I’ve always felt a pit in my stomach on Sunday afternoons, but only within the last few years did I learn that this is common. In fact, the term “Sunday Scaries” is pretty popular amongst most of my friends. This term refers to the feeling of anxiety due to the upcoming work week (or school week). That same feeling of anxiety worsens substantially for me each year when August hits. I like to call this the “August Scaries.”
I have always disliked August. When I was younger, it was because I associated it with fall with going back to school. Now, it’s mostly because of my upcoming birthday in October and the thought of winter coming. As each year passes, I become increasingly overwhelmed by thoughts of getting older, having more responsibilities, and losing certain freedoms. When I start thinking about snow and cold weather on top of that, my mood really goes downhill.

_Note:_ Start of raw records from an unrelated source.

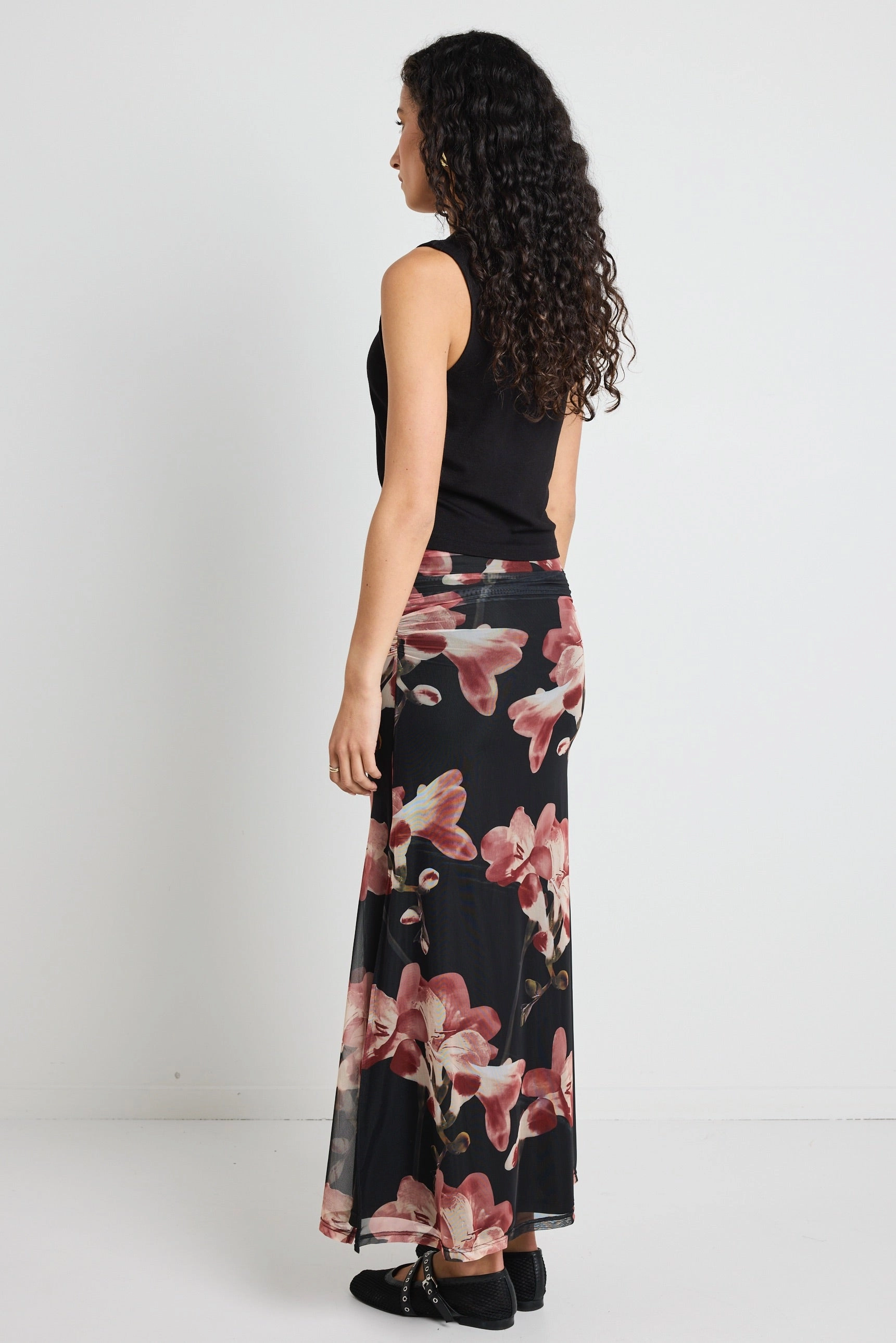 Flat Lay Collar Manner Blush Floral Rouched Mesh Midi Skirt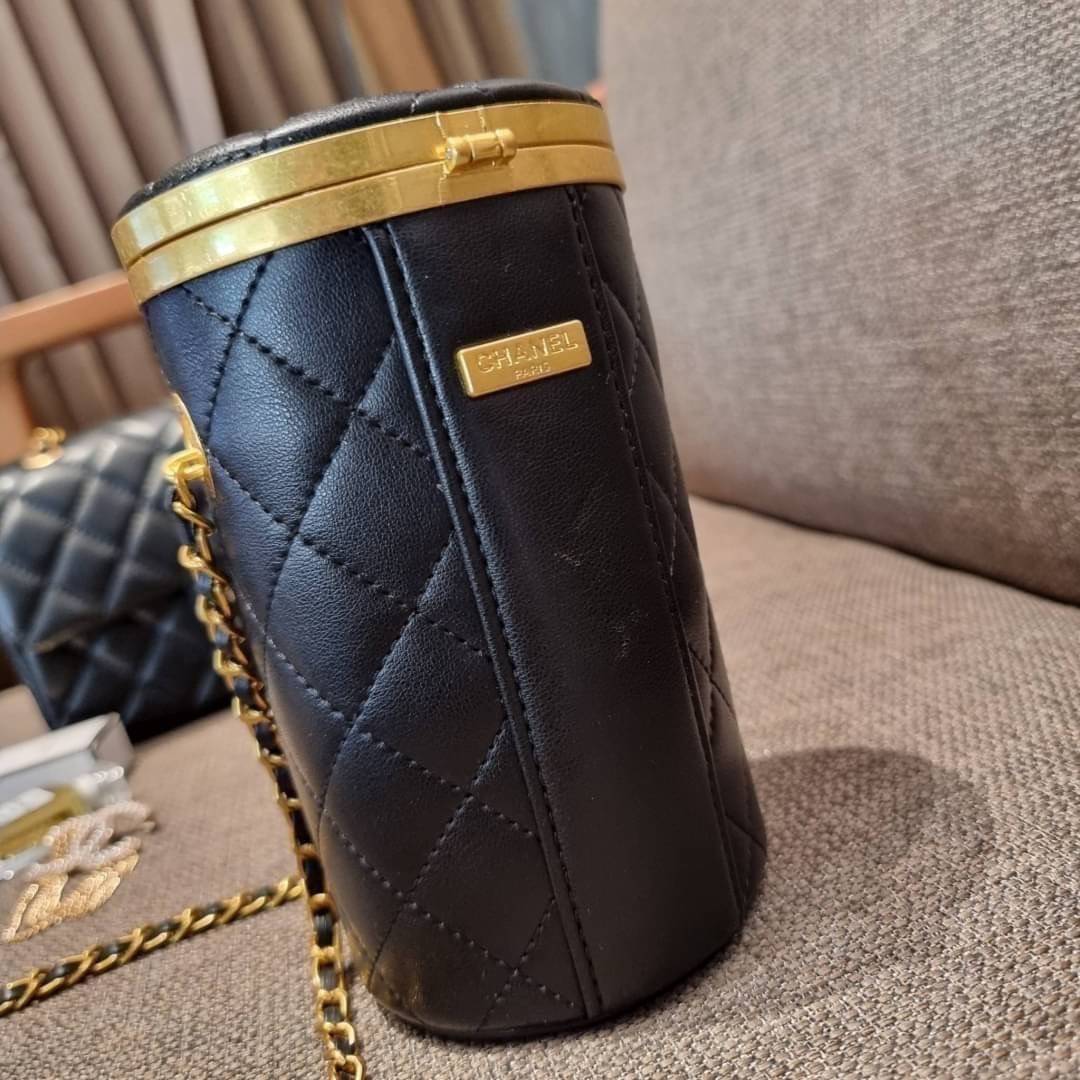 VIP 🥂 เซ็ทคือที่สุดของความคุ้ม CHANEL GIFT BOX SET สุดหรูชวนให้สะสม สุดยอดไอเท็มหายากพร้อมเสิร์ฟครบชุด สุดคุ้ม มาพร้อมกระเป๋าสะพายถึง 2 ใบ สุดหรูลิมิเต็ด หาไม่ได้ง่ายๆ ในคอลเลคชั่นภายในสีทอง และที่พิเศษยังมีน้ำหอมตัวท็อปมาให้อีก chanel no.5 ที่แสน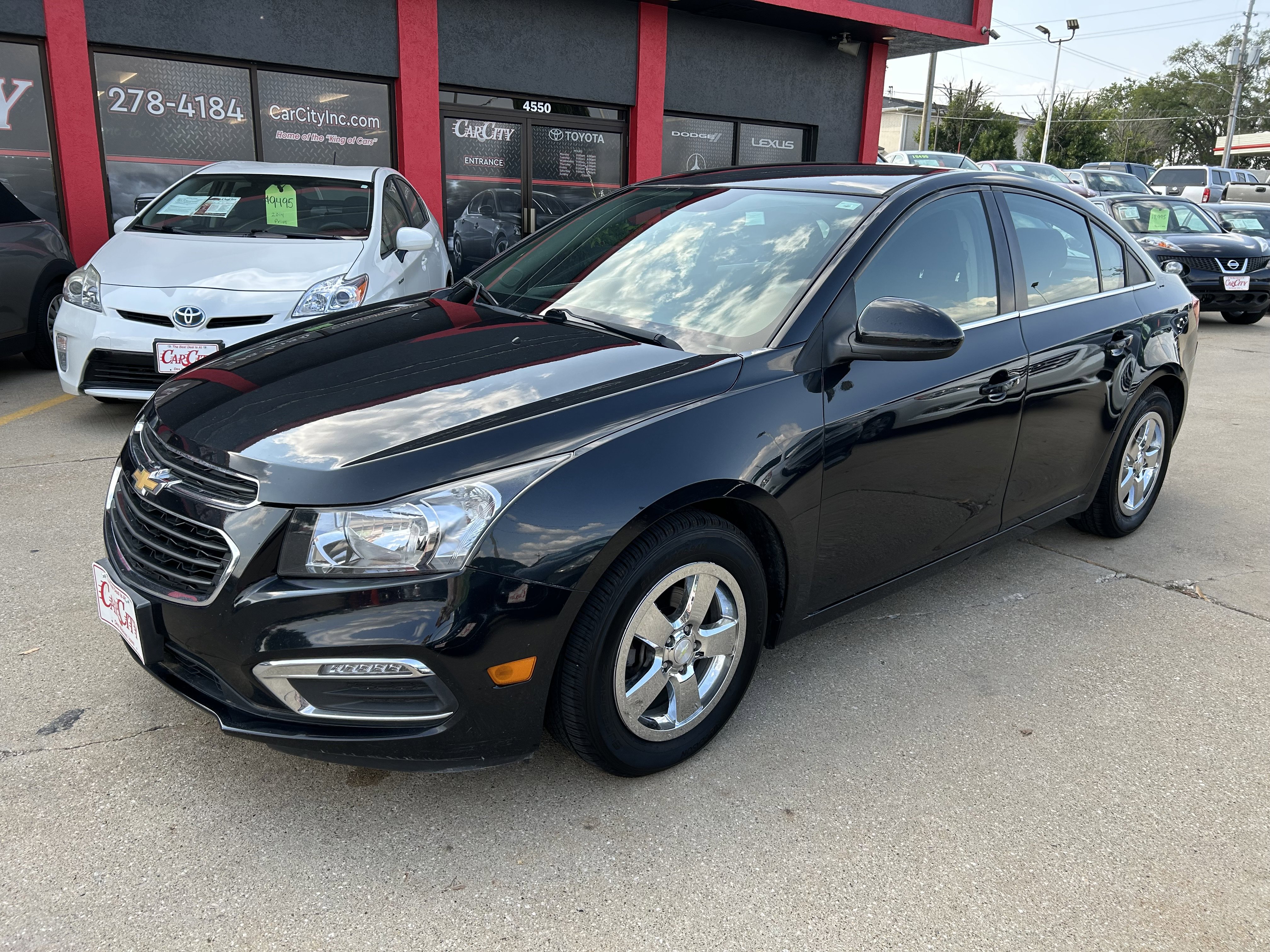 Used 2016 Chevrolet Cruze LT image 2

I wish I could say I’ve decreased either my Sunday Scaries or my August Scaries, but I’m still working on it. However, around this time each year, I try to reflect on what is going through my mind and why I need to reframe some of my thoughts. I know that I dislike my birthday and winter, but by thinking about my birthday and winter in August, I am totally forgetting several months of potentially great experiences. The weather is beautiful right now and will be mild enough for my favorite outdoor activities for awhile. And while I definitely have more responsibilities as I age each year, I also gain new freedoms and opportunities I didn’t have when I was younger.
If you experience the Sunday Scaries or the August Scaries, know that you’re not alone. Try to identify what specifically is making you feel anxious, and try to think about positive things to look forward to as well. Anxiety about the future is tough, but try not to dwell on the future so much that you forget to enjoy the present.
Do you experience the Sunday Scaries? What advice do you have when experiencing anxiety about future events?